Retype the records below word for word and omit any image.

### Given data:
=== Begin Enclosure ===

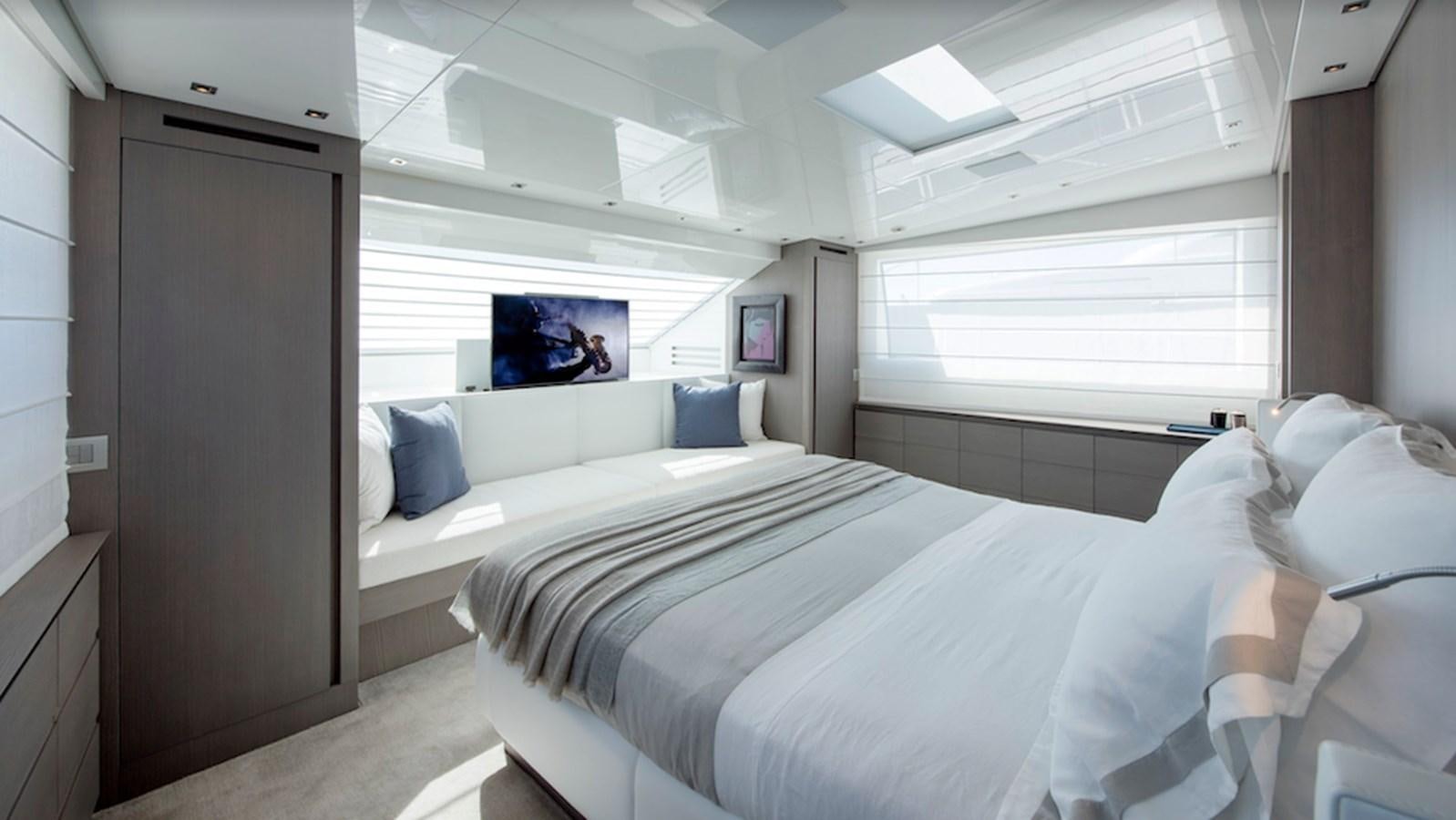 a room with a bed and a television aboard DINAIA Yacht for Sale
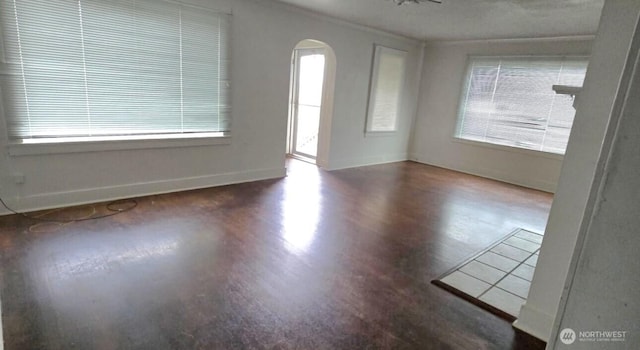 unfurnished room featuring arched walkways, baseboards, and wood finished floors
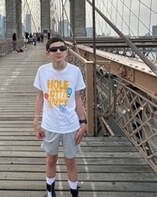 Person in sunglasses on Brooklyn Bridge, wearing white t-shirt and grey shorts.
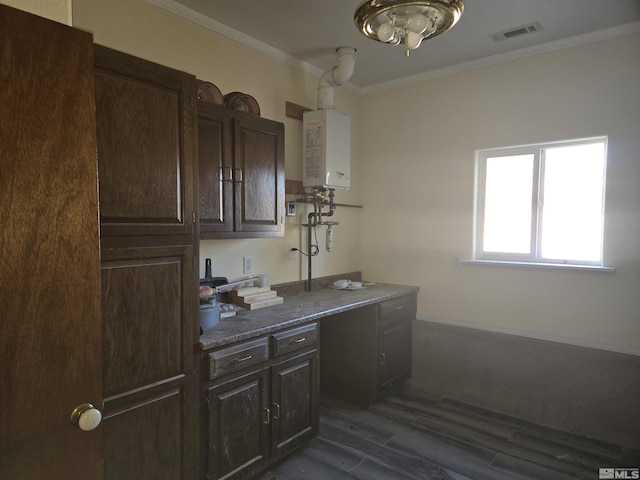 kitchen featuring tankless water heater, ornamental molding, dark hardwood / wood-style floors, dark stone countertops, and dark brown cabinetry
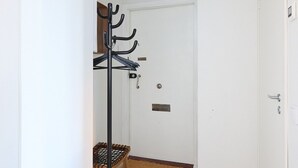 A hallway with a coat rack, a door, and a light fixture. - Beautiful Studio in Middle of Downtown (Turku)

=== End Enclosure ===

### Response area:
 a room with a bed and a television aboard DINAIA Yacht for Sale
 unfurnished room featuring arched walkways, baseboards, and wood finished floors
 Person in sunglasses on Brooklyn Bridge, wearing white t-shirt and grey shorts.
 kitchen featuring tankless water heater, ornamental molding, dark hardwood / wood-style floors, dark stone countertops, and dark brown cabinetry
 A hallway with a coat rack, a door, and a light fixture. - Beautiful Studio in Middle of Downtown (Turku)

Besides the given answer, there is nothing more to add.